Was this the biological weapon meant to wipe out the Opiri, or some variation of it? If the former, he was probably already dying, though the mechanism of the pathogen remained a mystery. Perhaps they were still testing it, knowing he’d be executed, anyway.
It would be very good if he were to die, preferably as quickly as possible.
“Have you devised a method for delivering it as a projectile?” he asked.
The woman leaned back. “I believe we’re here to question you, Drakon.”
He pulled his arms against the restraints that held his hands bound together and fixed to a chain set into the floor, too weakened by the drug to make more than a token effort. “I’ve told your interrogators everything I know,” he said.

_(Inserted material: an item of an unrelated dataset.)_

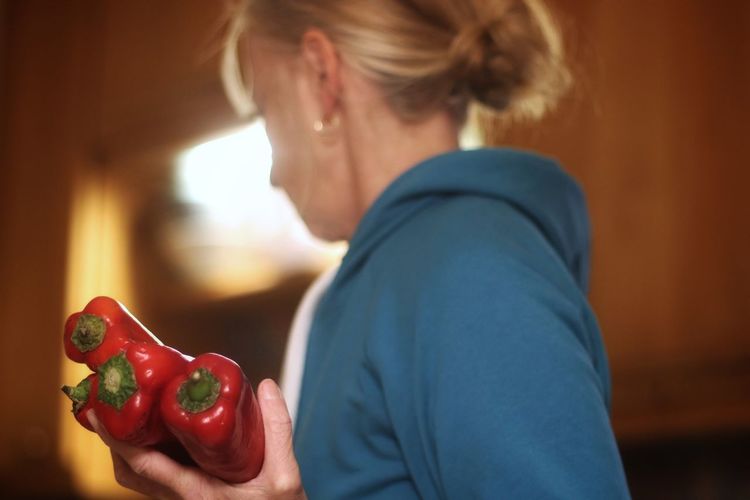 Midsection of woman holding red  bell pepper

She tapped her tablet with a square fingernail, bringing up a screen he couldn’t see. “My name is Director Chan. I will be conducting the second phase of this interrogation. If you cooperate, we can finish this matter quickly, and you’ll be remanded to a reasonably comfortable cell—”

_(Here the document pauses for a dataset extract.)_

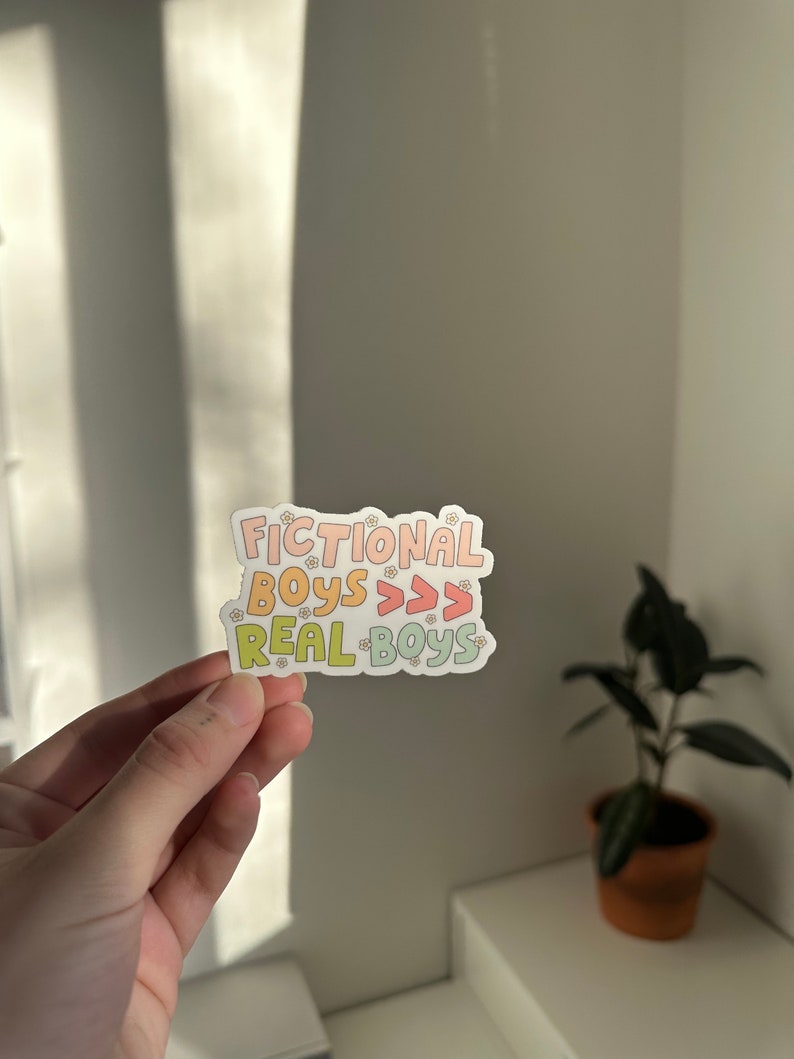 K&ouml;nnte beinhalten: Ein Aufkleber mit dem Text "Fictional Boys >>> Real Boys" in einem Regenbogen-Farbverlauf. Der Aufkleber ist mit kleinen wei&szlig;en Blumen verziert.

“I’ll be executed,” Drakon said.
“—or,” Chan went on, as if he hadn’t interrupted, “if you are stubborn, I’ll be sending some of my experts to deal with you.”
“Experts whose usual methods of questioning include daylight or simulators with the same effect, starvation and of course the conventional forms of torture, which cause pain to Opiri even if we’re somewhat more durable than humans,” Drakon said.
“So you are.” Chan pursed her lips. “It sounds as if you are familiar with our procedures, Drakon.”
“Every Opir knows about human techniques.”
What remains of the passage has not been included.